### DATA EXTRACT
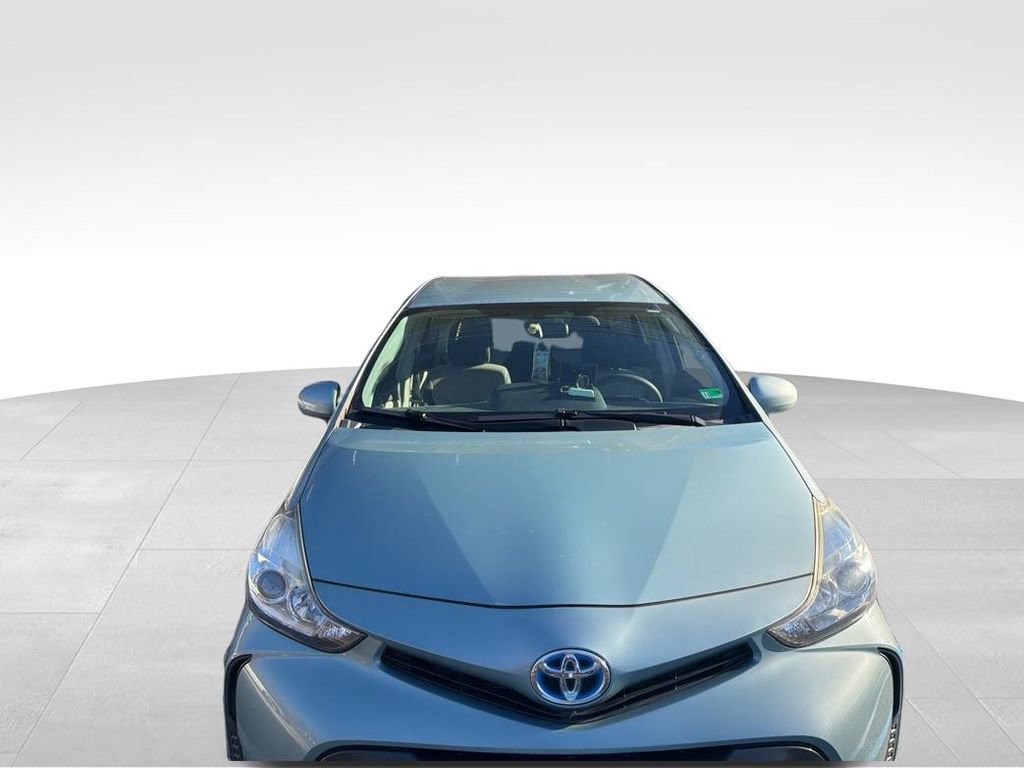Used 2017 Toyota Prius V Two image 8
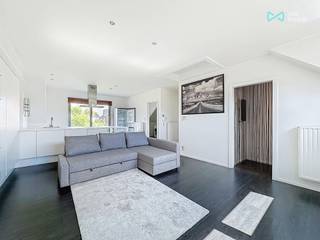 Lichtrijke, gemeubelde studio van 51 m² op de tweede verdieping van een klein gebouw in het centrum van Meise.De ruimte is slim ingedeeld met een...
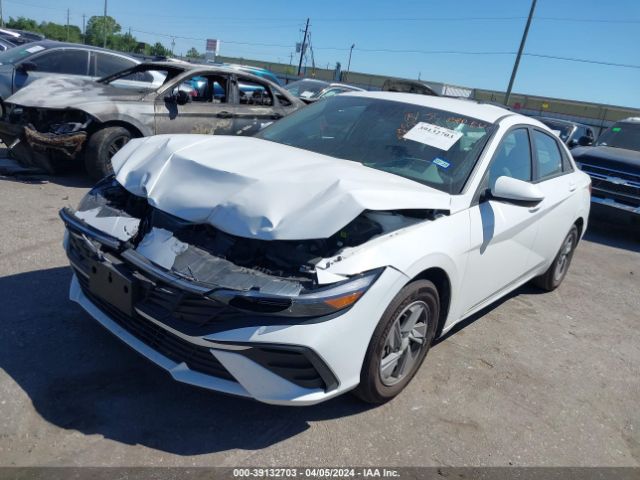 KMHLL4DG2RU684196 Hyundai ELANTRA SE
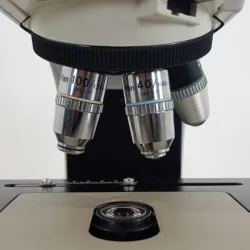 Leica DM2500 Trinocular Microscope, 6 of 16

### AIM OF THE TASK
Give back exactly the lines from the one that contains "KMHLL4DG2RU684196 Hyundai ELANTRA SE" to the final line of the data above, both included, with all pictures removed.

### ANSWER
 KMHLL4DG2RU684196 Hyundai ELANTRA SE
 Leica DM2500 Trinocular Microscope, 6 of 16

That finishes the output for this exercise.